Près d’un époux avare, heureuse en mariage,
Une femme opulente a les droits du veuvage.
— Pourquoi Sertorius, toujours plus amoureux,
Est-il pour Bibula si constant dans ses feux ?
— Si tu veux réfléchir à cet amour extrême,
Ce n’est point Bibula, c’est sa beauté qu’il aime.
Que l’émail de ses dents perde de sa blancheur,
Ses yeux de leur éclat, son teint de sa fraîcheur :
Qu’une ride survienne, et que ce beau visage,
Des ans, par quelque trace, annonce le ravage :
Allons, viendra lui dire un impudent laquais,
Vite pliez bagage et faites vos paquets.
Depuis assez longtemps vous nous êtes à charge :
Plus de délais, vous dis-je, et qu’on gagne le large.

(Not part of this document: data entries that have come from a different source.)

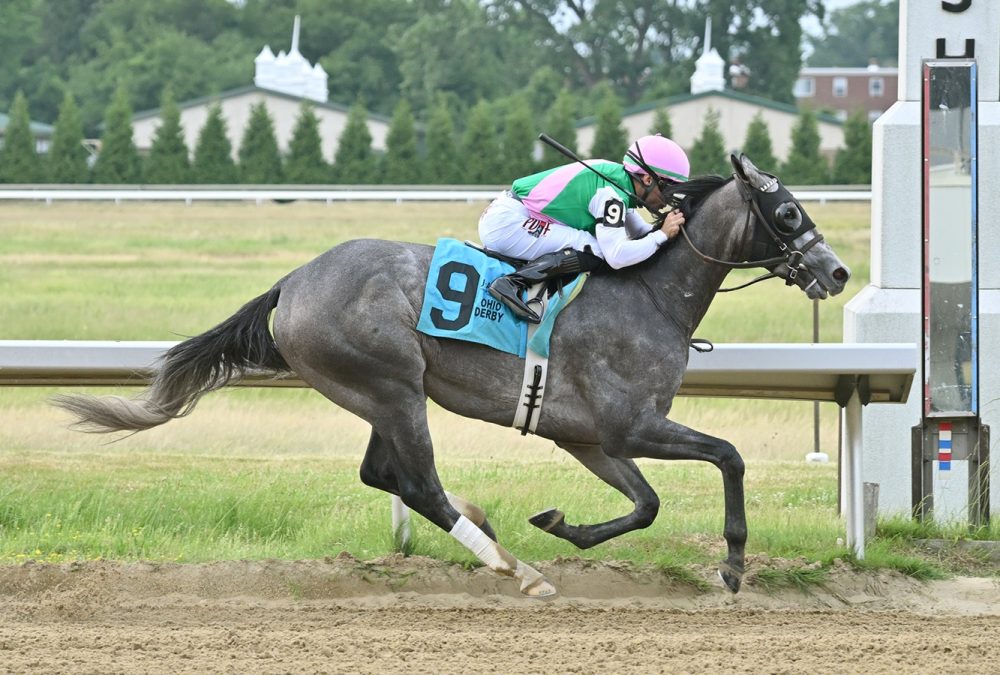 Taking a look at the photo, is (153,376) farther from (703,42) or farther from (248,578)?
(703,42)

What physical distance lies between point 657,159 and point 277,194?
25.7 m

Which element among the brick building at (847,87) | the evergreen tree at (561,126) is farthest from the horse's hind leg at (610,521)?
the brick building at (847,87)

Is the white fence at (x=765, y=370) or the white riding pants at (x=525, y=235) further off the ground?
the white riding pants at (x=525, y=235)

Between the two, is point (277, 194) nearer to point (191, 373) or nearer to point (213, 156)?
point (213, 156)

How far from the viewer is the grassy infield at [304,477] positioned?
22.1ft

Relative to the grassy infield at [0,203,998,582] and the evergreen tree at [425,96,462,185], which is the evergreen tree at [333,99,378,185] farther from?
the grassy infield at [0,203,998,582]

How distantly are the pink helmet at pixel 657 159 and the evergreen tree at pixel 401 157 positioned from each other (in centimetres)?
3313

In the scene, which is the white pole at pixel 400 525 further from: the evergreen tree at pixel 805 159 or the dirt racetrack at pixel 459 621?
the evergreen tree at pixel 805 159

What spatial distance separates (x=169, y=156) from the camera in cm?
3862

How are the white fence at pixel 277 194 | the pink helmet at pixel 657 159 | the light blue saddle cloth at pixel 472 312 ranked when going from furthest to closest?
the white fence at pixel 277 194, the pink helmet at pixel 657 159, the light blue saddle cloth at pixel 472 312

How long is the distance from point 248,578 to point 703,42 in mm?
59391

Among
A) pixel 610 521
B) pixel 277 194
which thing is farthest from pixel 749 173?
pixel 277 194

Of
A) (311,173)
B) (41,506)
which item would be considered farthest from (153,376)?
(311,173)

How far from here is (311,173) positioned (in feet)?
126
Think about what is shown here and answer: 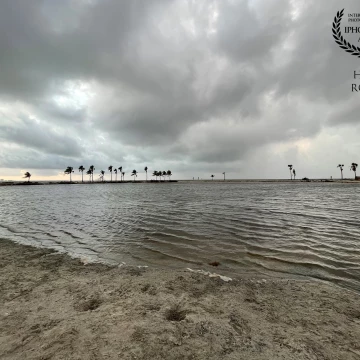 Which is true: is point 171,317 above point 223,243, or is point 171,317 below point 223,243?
above

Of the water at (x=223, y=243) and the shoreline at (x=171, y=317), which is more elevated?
the shoreline at (x=171, y=317)

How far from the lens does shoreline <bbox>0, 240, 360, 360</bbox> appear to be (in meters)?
3.96

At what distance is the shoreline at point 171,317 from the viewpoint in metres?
3.96

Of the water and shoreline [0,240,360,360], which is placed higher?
shoreline [0,240,360,360]

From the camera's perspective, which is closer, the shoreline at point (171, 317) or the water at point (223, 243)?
the shoreline at point (171, 317)

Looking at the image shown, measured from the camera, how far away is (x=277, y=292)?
641cm

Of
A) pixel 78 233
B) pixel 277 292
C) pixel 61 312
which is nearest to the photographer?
pixel 61 312

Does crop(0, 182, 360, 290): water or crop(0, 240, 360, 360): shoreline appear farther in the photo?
crop(0, 182, 360, 290): water

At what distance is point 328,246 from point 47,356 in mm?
12390

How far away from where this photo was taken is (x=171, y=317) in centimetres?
509

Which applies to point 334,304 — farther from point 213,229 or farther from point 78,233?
point 78,233

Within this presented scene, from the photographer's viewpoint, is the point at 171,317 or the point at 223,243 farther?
the point at 223,243

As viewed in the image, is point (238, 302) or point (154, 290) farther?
point (154, 290)

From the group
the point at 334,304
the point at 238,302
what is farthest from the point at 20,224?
the point at 334,304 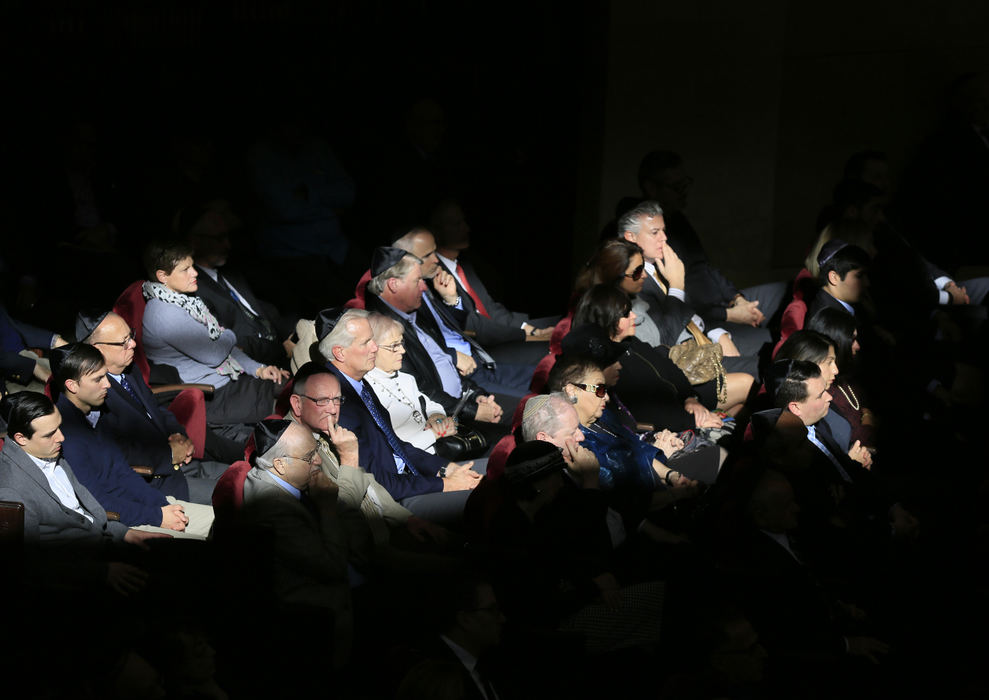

Vous êtes si ridée ! et vous vous mouchez tant !
Partez : un nez plus sec nous arrive à l’instant.
Belle et jeune, elle règne : et, dès qu’elle demande,
Il faut qu’à tous ses vœux son époux condescende,
Qu’il lui donne des prés, des vignes et des bois ;
Qu’un nombreux domestique obéisse à ses lois ;
Que, s’il est chez quelque autre un meuble de toilette,
Un bijou qui lui manque, à l’instant on l’achète.